- _YOUR OBJECTIVE_
Only lines containing "Sedan" belong in the answer, each copied from the entries below.

- _MATERIAL PROVIDED_
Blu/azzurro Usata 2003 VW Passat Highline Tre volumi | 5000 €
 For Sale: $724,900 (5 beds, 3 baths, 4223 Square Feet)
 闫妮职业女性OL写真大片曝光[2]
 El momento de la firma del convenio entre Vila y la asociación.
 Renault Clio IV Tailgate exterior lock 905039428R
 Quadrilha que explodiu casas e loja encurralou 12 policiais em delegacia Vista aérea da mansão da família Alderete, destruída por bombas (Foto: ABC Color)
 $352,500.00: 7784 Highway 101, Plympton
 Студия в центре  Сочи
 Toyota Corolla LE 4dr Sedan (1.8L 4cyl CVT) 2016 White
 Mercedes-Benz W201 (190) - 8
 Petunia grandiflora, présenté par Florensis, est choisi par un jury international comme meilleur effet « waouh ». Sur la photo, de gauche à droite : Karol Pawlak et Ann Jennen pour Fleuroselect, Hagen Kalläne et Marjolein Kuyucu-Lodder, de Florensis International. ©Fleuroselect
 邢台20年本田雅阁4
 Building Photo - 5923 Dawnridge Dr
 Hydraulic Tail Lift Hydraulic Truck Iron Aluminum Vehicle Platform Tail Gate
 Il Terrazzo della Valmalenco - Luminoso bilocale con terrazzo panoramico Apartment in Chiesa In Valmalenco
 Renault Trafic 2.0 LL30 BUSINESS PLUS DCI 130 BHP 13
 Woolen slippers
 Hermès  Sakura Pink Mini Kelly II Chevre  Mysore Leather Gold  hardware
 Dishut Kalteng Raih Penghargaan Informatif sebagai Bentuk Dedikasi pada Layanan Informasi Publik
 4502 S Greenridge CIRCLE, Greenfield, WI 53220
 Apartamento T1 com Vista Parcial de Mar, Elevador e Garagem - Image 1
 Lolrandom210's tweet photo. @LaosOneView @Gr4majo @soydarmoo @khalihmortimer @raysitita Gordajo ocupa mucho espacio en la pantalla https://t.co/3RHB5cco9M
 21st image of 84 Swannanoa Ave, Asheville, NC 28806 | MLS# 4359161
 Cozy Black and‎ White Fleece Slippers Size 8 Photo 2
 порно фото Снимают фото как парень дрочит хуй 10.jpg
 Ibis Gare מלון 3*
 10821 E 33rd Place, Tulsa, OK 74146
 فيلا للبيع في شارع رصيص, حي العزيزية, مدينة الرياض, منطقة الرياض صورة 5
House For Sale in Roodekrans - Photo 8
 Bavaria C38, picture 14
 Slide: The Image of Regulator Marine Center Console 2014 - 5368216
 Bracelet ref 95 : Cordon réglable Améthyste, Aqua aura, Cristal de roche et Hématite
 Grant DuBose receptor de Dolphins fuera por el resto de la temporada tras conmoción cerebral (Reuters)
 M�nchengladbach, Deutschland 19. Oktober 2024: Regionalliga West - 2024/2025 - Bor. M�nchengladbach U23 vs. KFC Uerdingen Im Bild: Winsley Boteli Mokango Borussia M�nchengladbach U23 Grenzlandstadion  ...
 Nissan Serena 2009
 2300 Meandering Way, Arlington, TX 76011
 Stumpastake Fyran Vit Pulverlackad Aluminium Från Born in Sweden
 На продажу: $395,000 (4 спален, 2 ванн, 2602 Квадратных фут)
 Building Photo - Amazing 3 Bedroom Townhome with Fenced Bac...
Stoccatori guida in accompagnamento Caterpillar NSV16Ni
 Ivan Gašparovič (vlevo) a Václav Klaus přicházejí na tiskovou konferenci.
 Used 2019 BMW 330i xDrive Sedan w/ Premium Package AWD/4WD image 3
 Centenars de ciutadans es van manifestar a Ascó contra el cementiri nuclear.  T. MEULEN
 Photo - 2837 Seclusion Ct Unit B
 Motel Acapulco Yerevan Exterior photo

- _RESPONSE_
 Toyota Corolla LE 4dr Sedan (1.8L 4cyl CVT) 2016 White
 Used 2019 BMW 330i xDrive Sedan w/ Premium Package AWD/4WD image 3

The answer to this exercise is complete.